O miłości dwóch chorwackich bocianów

0
Każdego roku bocian przemierza ponad 13 tysięcy kilometrów, by spotkać się ze swoją "drugą połówką". To się nazywa wierność.

W połowie lat 90. wdowiec Stjepan Vokic znalazł poważnie zranioną (prawdopodobnie przez myśliwych) samicę bociana. Mężczyzna zajął się zwierzęciem, który zamieszkał w gnieździe na dachu jego domu w wiosce w Chorwacji. Samica otrzymała imię Malena.

16 lat temu Malena "poznała" bociana Klepetana. Niestety, z powodu urazu skrzydła Malena nie może latać. Wydawało się, że miłość dwóch bocianów skończy się wraz z końcem wakacji, ale w kolejnym roku Klepetan wrócił do Maleny. Od 16 lat samiec na koniec lata migruje do południowej Afryki i wraca do gniazda w marcu.

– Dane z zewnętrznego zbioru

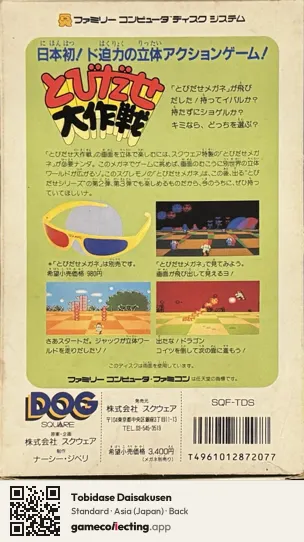 Tobidase Daisakusen Famicom Disk System, Japan box back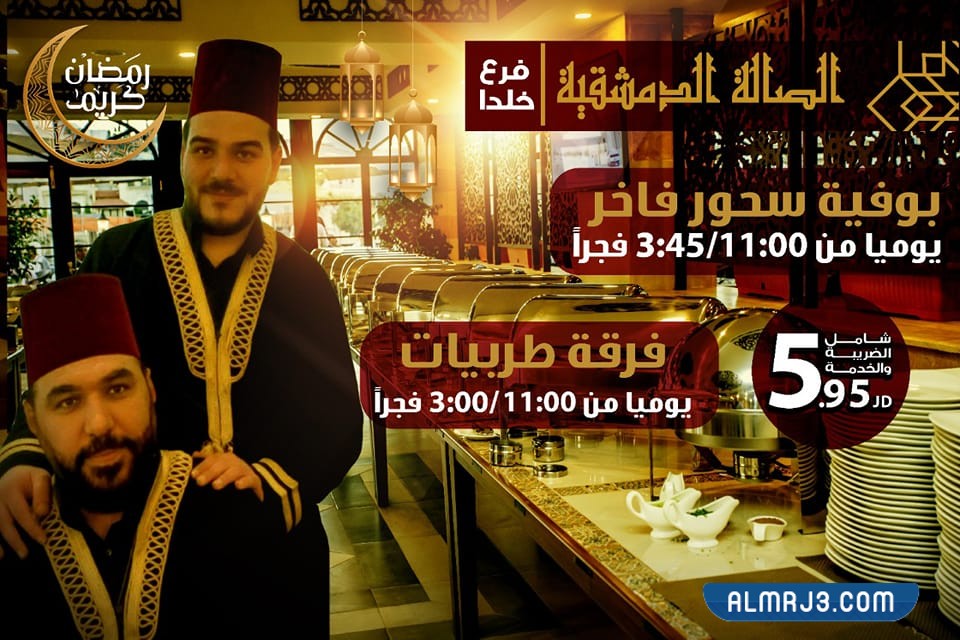 مطاعم الصالة الدمشقية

Pod nieobecność samca Maleną zajmuje się Stjepan. Mężczyzna jest przekonany o tym, że każdej wiosny od kilkunastu lat do gniazda nad jego domem powraca ten sam bocian. "Pewnego razu wrócił wcześniej, niż się go spodziewałem, i podleciał od razu w miejsce, w którym zawsze trzymam kubełek z rybami. Tylko on wiedział, gdzie to znaleźć" - powiedział mężczyzna w rozmowie z dziennikarzami. Co roku w okresie lęgowym para bocianów wychowuje nowe potomstwo.

To o tyle interesujące (i zaskakujące), że wbrew obiegowej opinii bociany nie łączą się w pary na całe życie. Bociany "wiążą się" na czas lęgu, a łączy ich przede wszystkim wspólne gniazdo i potomstwo. Po "odchowaniu" młodych i zakończeniu lęgów bociany odlatują na zimę, by powrócić wiosną do swoich gniazd. I nie zawsze samce trafiają na te same samice, co w poprzednich latach.